川谷 ベストアルバムをやめてアルバムを作っているうちに、今までのキャッチーなところから、脱却したかった気持ちがありました。ちゃんと音楽的なことをやっていても、音楽的に見られないことは大衆音楽では必ずあることです。ゲスを始めた頃は、もっと好きなことをやっていたはずなのに、いつの間にか無理している部分もあって、一回そういうのをやめてみようと。メンバーとは特にそういう話をしていませんが、敏感にそれを感じ取りながらやっていたと思います。
――ゲスの極み乙女。は初期からキャッチーでありながら、前衛的な要素もあって、そのバランスが絶妙だったと思いますが、そういうことは結成当時から意識していたのでしょうか?
川谷 初期は全く考えていませんでした。適当にやっていたことが、ちょうど時代にハマったというか、タイミングがよかったのかなと思います。ゲスを結成する前は、僕はインディゴぐらいしか経験がなかったので、もうちょっと遊びというか、ふざけられるバンドをやりたいというところから始まっています。本当に何も考えていなくて、たまの休みにライブをやって飲み会ができればいいねくらいのバンドでした。ただ、一緒にやりたかったメンバーと組んでいるので、お互いにリスペクトしていましたし、本当に替えがきかない、誰かが辞めたら終わってしまうバンドだと思います。
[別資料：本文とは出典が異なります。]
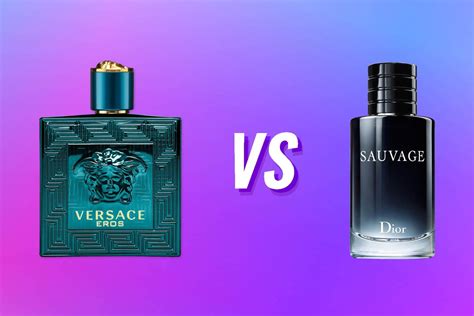 versace vs dior sauvage.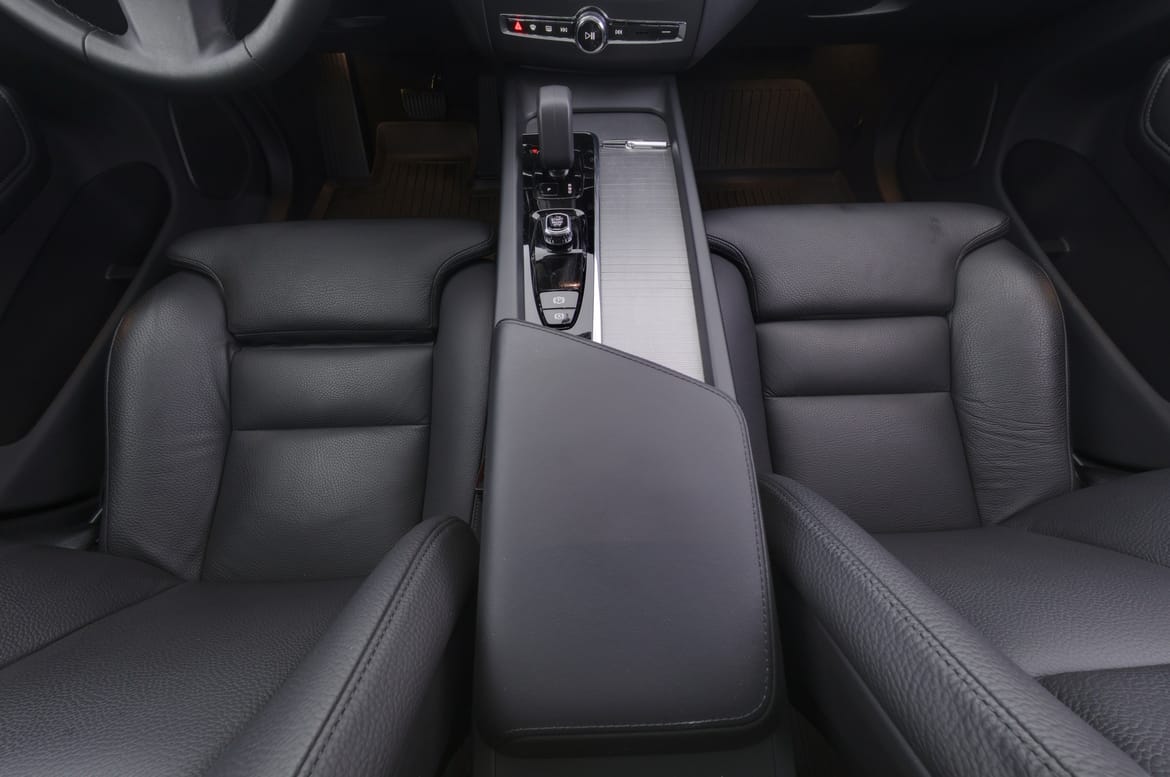 Volvo XC60 2024 - miniatyr 9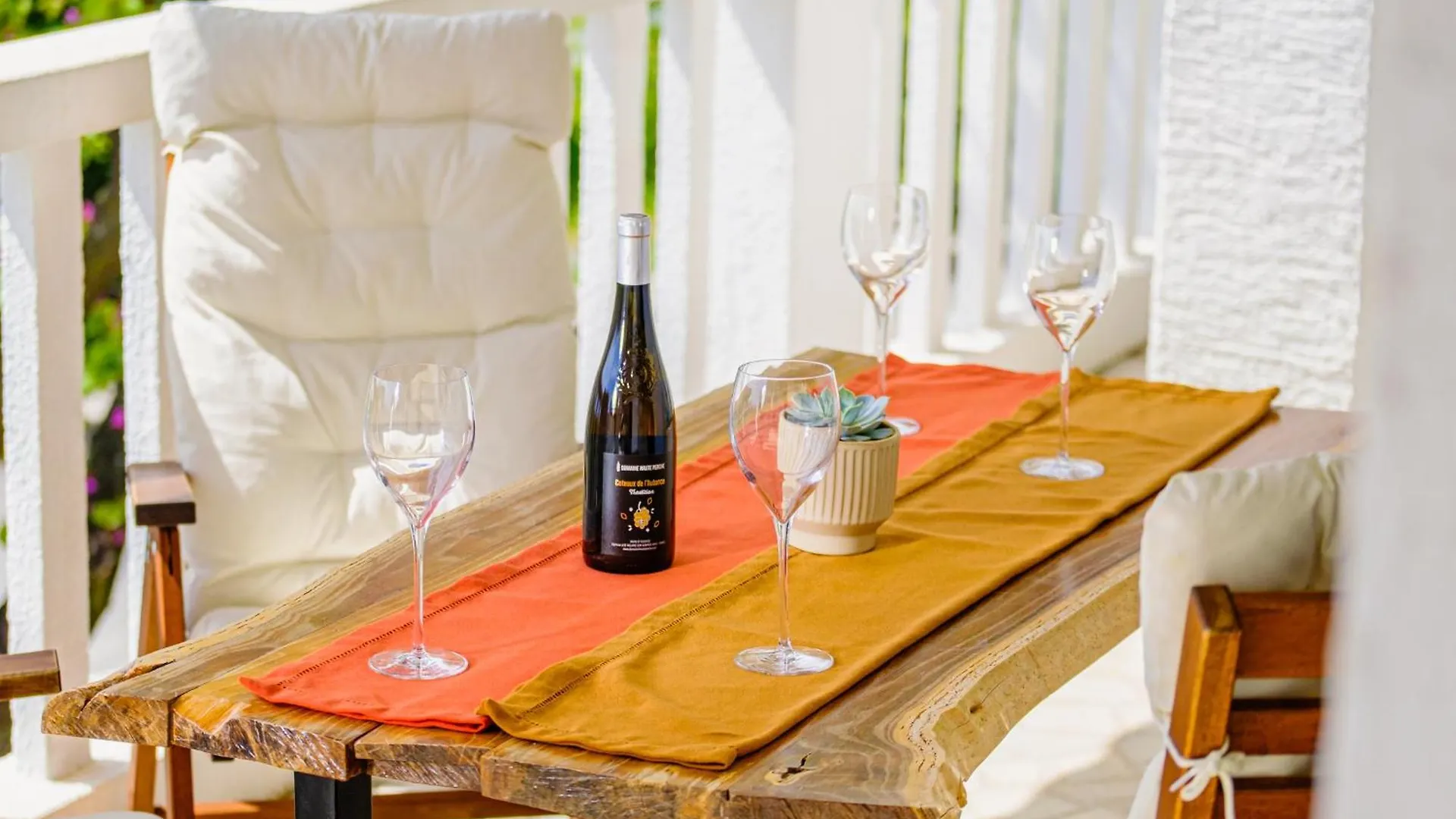 Guest house Apartments In Villa Azur Novi Vinodolski Croatia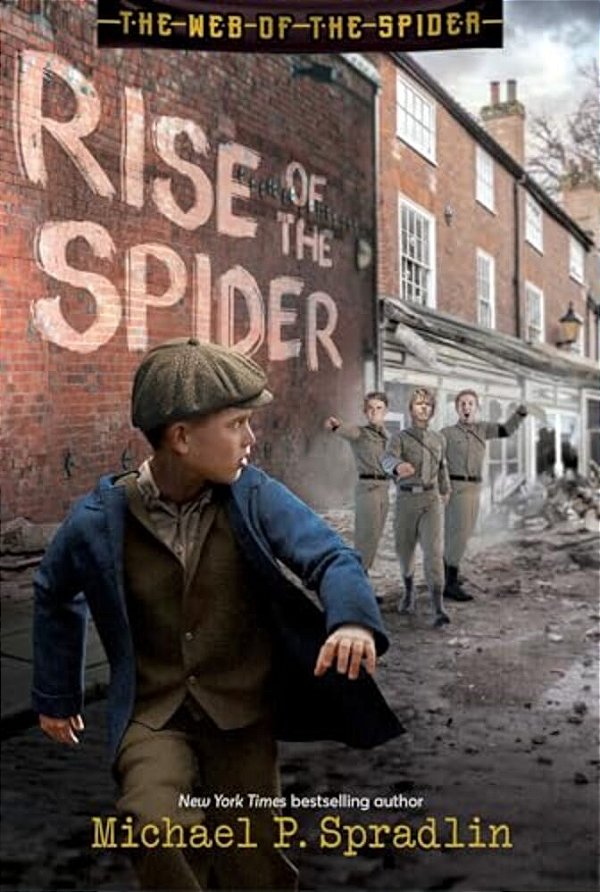 Rise Of The Spider-..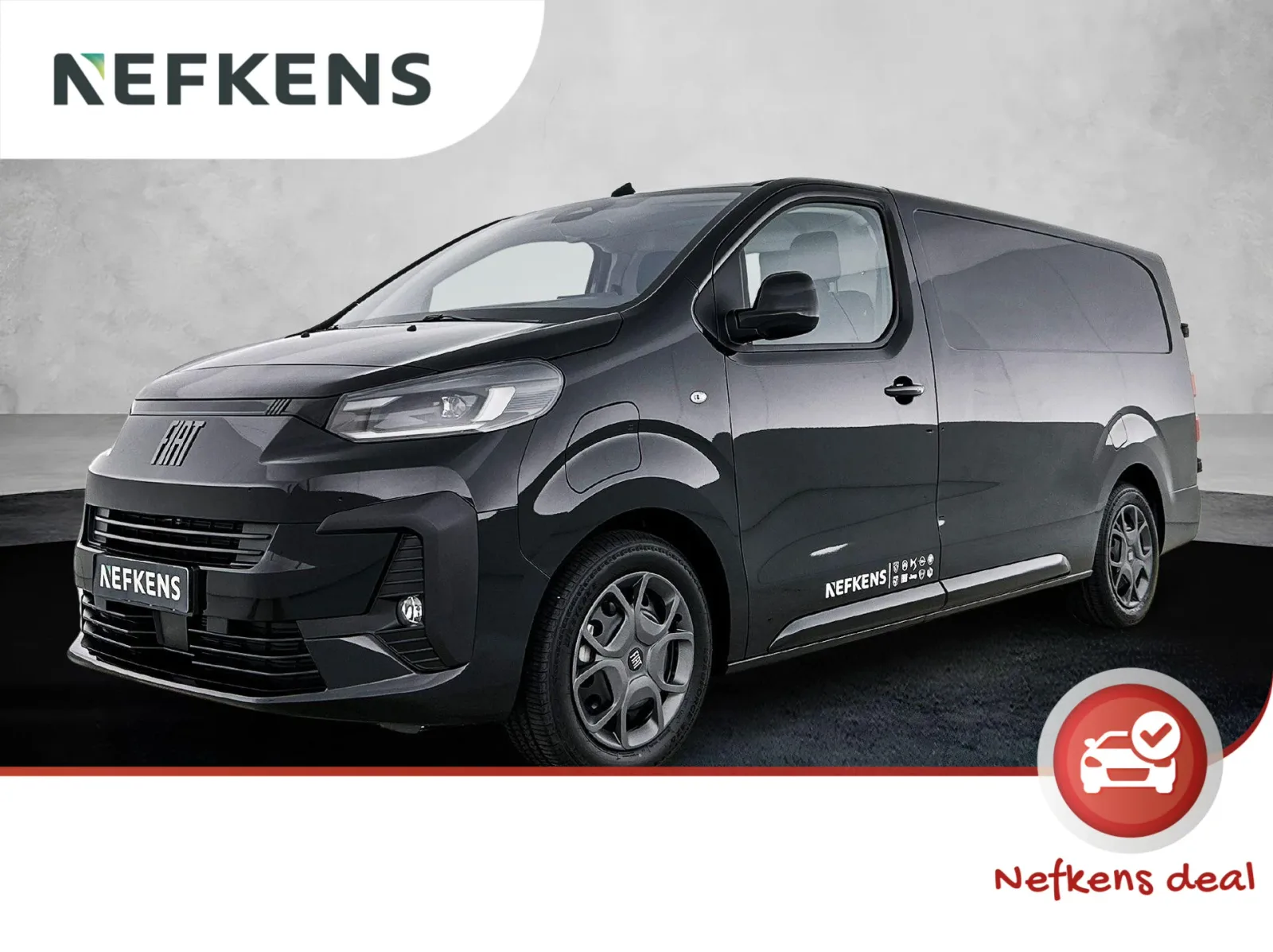 Fiat E-Scudo (2026) — foto 1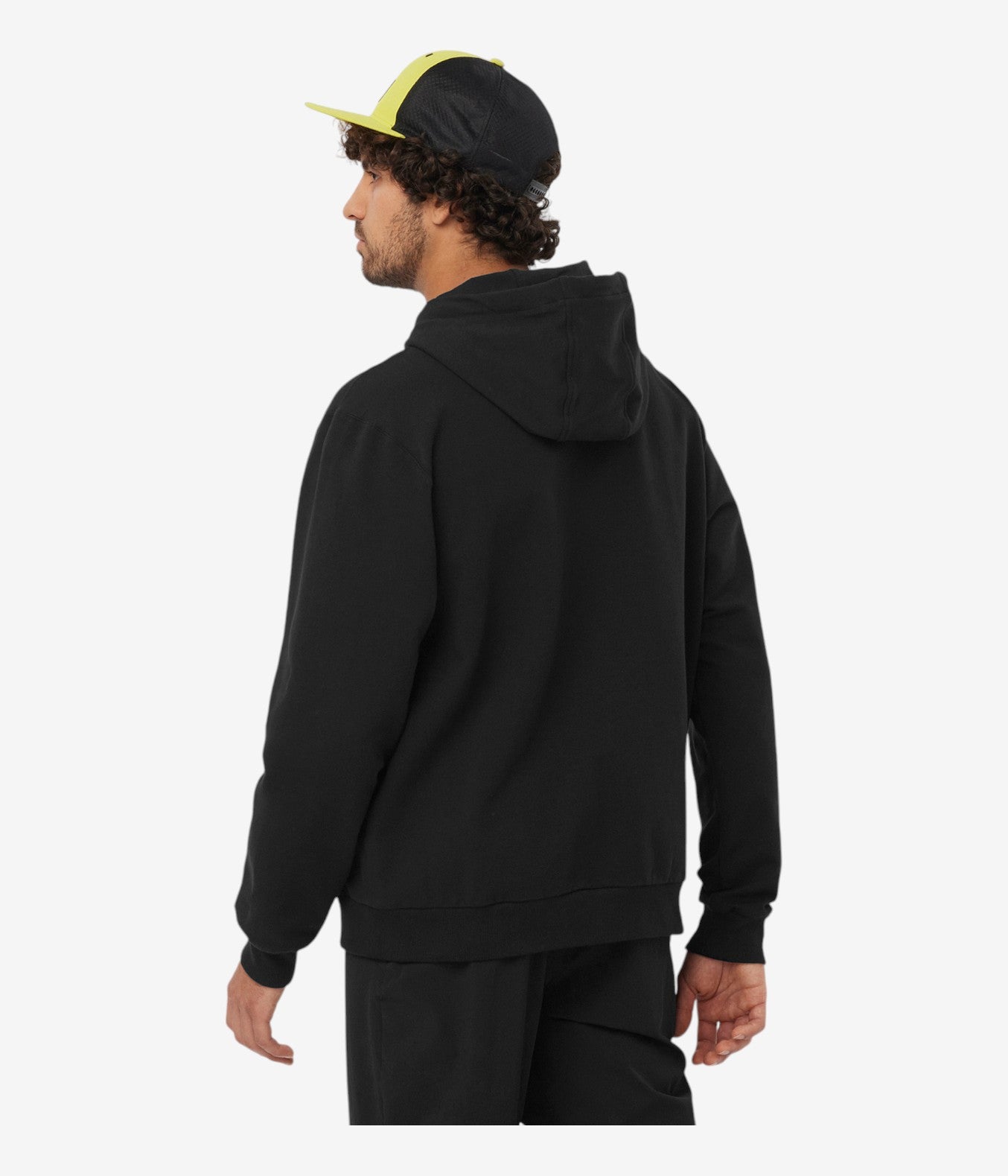 GRAPHIC PULL OVER Hoodie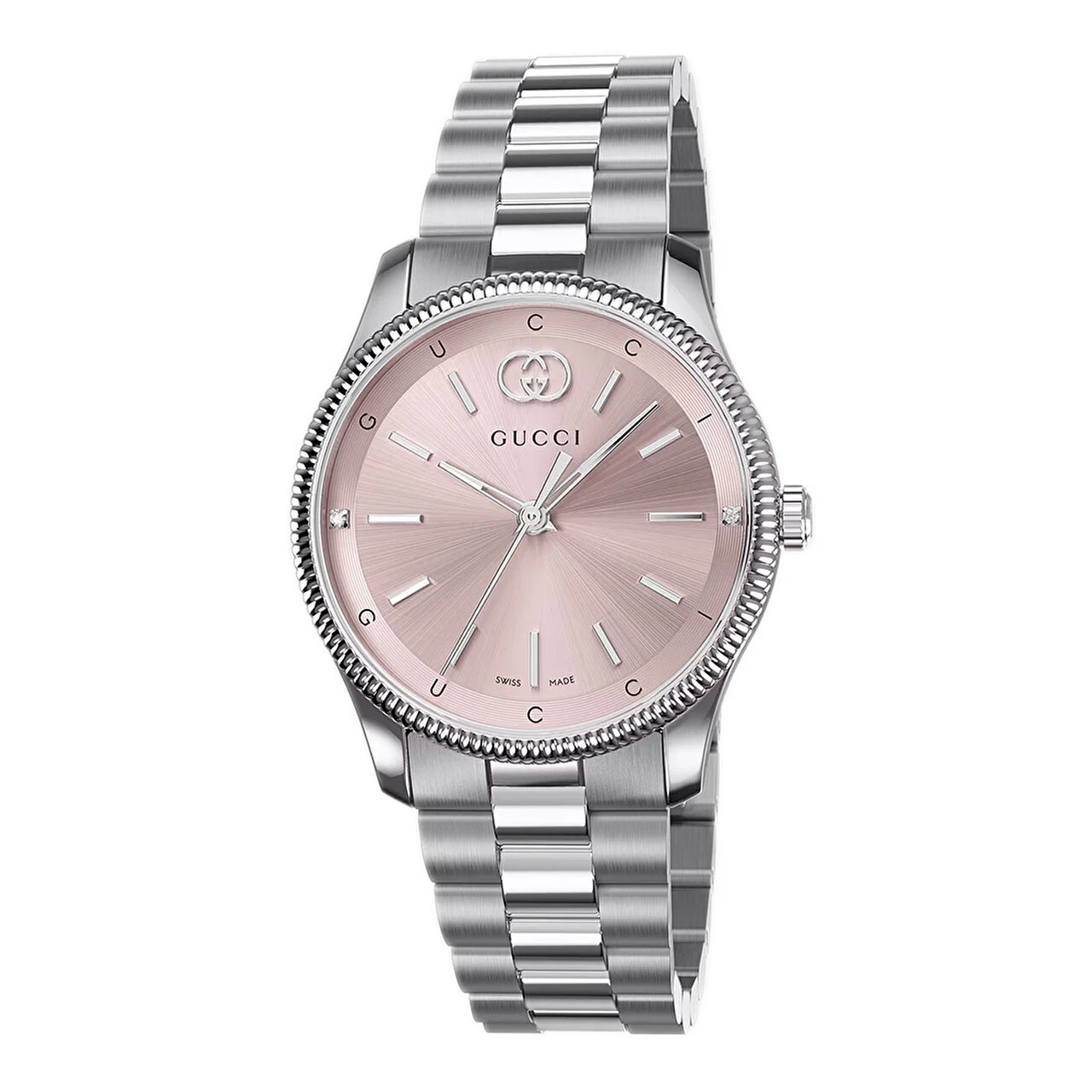 GUCCI YA1265061 29 mm kol saati
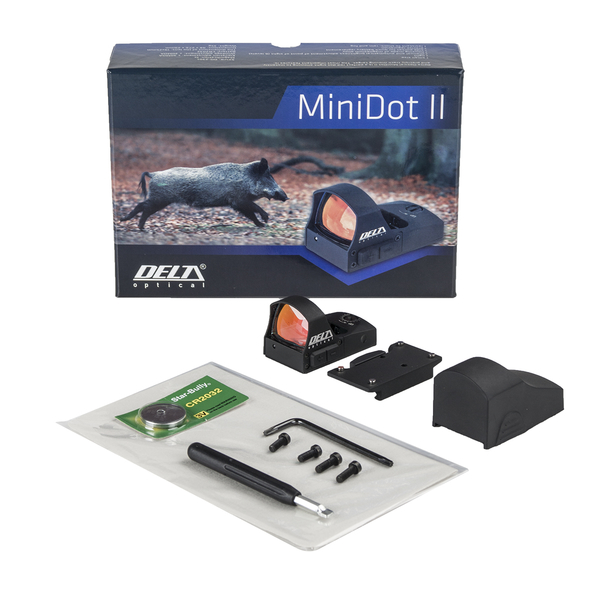 Kolimátor Delta Optical MiniDot 2 1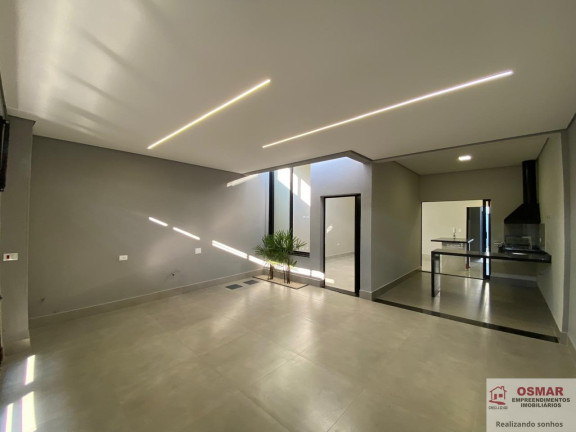 Imagem Casa com 3 Quartos à Venda, 140 m² em Parque Universitário - Americana Imagem Casa com 3 Quartos à Venda, 140 m² em Parque Universitário - Americana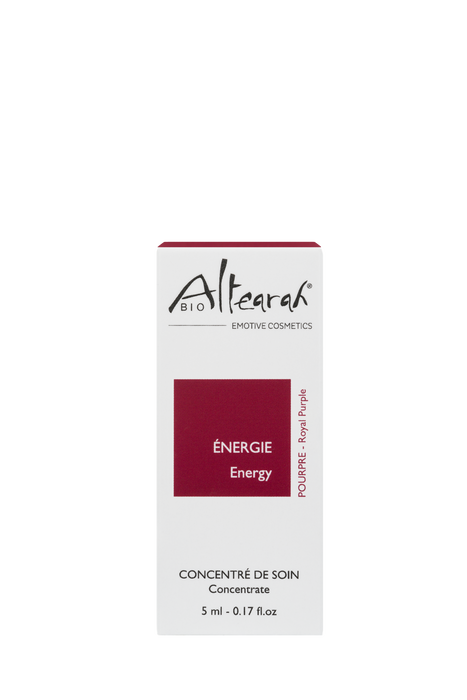 Concentrate Roll-on Royal Purple - Energy 5 ml
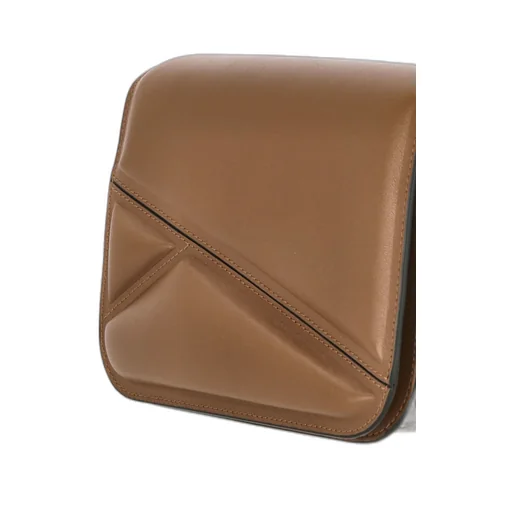 Wandler Oscar Trunk Panelled Crossbody Bag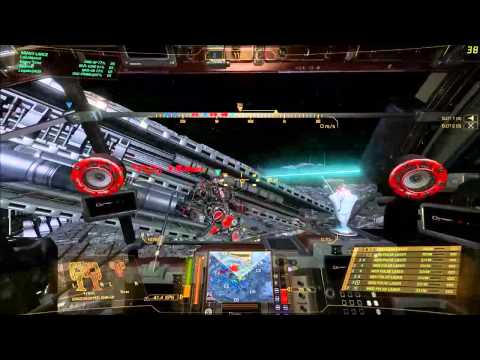 MWO - GHR-5P 1116 Damage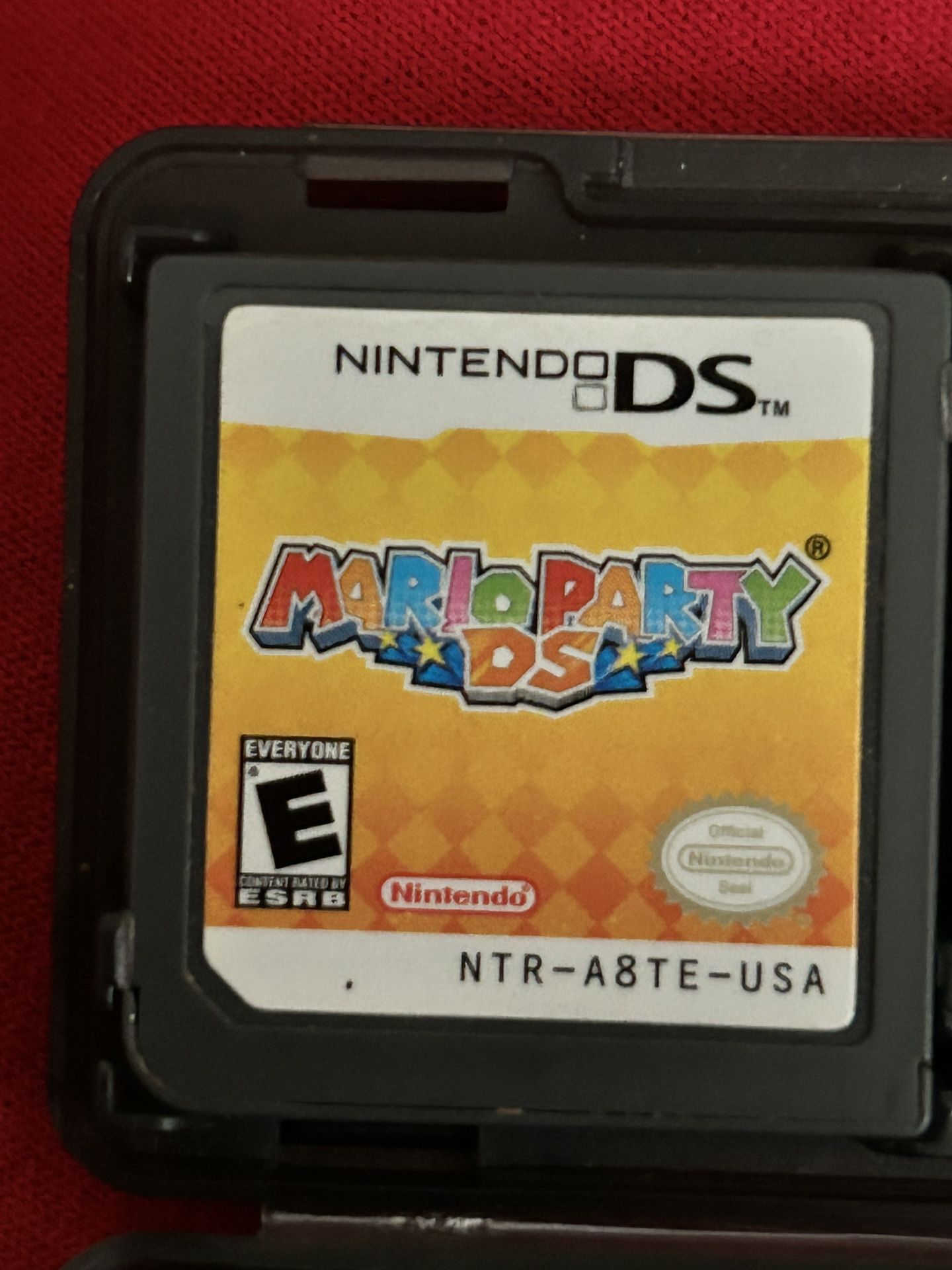 Mario Party Ds for Nintendo Ds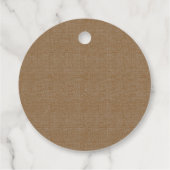 魅惑の森ありがとう フェイバータグ (裏面)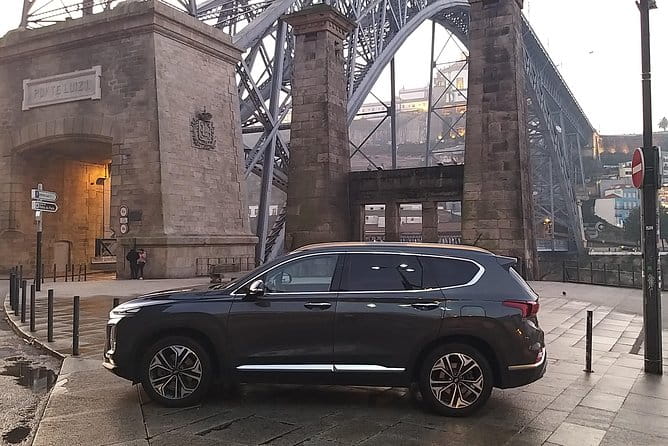 Private Airport Transfer from the Airport to Porto - The Sum Up: A Reliable and Comfortable Start to Porto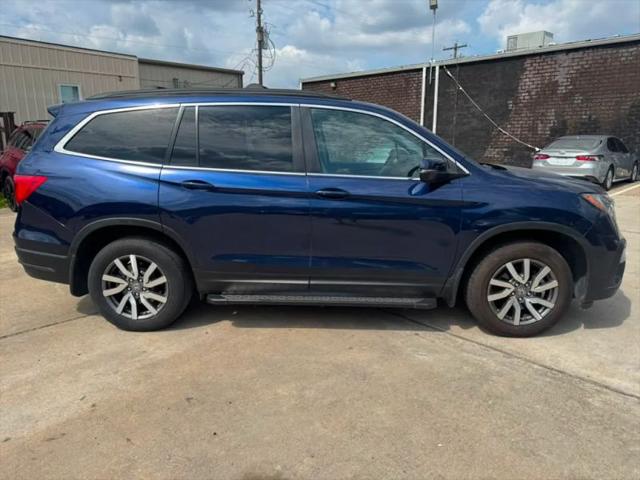 2021 Honda Pilot AWD EX-L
――Remix集には、STUTS、mabanuaなど、錚々たるミュージシャンが名を連ねていますが、完成されたものを聴いての印象はいかがでしたか?
川谷 改めてメロディーがいいなと思いました。どんなオケになってもメロディーが入ってくるというか、みんなそれを大事にしてくれているんだなと感じました。「キラーボール」なんて原曲とは全く違うBPMを落としたRemixになっているので、新曲のような気分で聴けて、アレンジって重要だなと思いましたし、いろいろな発見がありました。
――新曲「青い裸」は、ドラマ「復讐の未亡人」の主題歌として書き下ろされた曲です。
川谷 制作するときに映像はなかったので、台本だけ読み込んで、自分なりに解釈して作りました。かなりエグい内容の狂気的なドラマで、ゲスの今の世界観にピッタリで。無理に音楽性を寄せなくても、今作りたいものがちょうどドラマの内容と合っていました。歌詞も台本を読んで考えたんですが、ドラマのテーマが決まっているので、すんなり書けました。
――普段、歌詞はどのように考えるんですか?
川谷 日々の生活でメモを大量にとっているので、そのメモから膨らませることもあれば、本当に書きたいものがパッと見つかったときは、その場で書いたりもします。書きたいものが見つからないときは曲ができてから考えます。音を全部作って、歌える日程を決めて、それまでに歌詞を書きます。僕は締め切りがないと書けないですし、別の作業として歌詞を入れるほうが冷静に考えられます。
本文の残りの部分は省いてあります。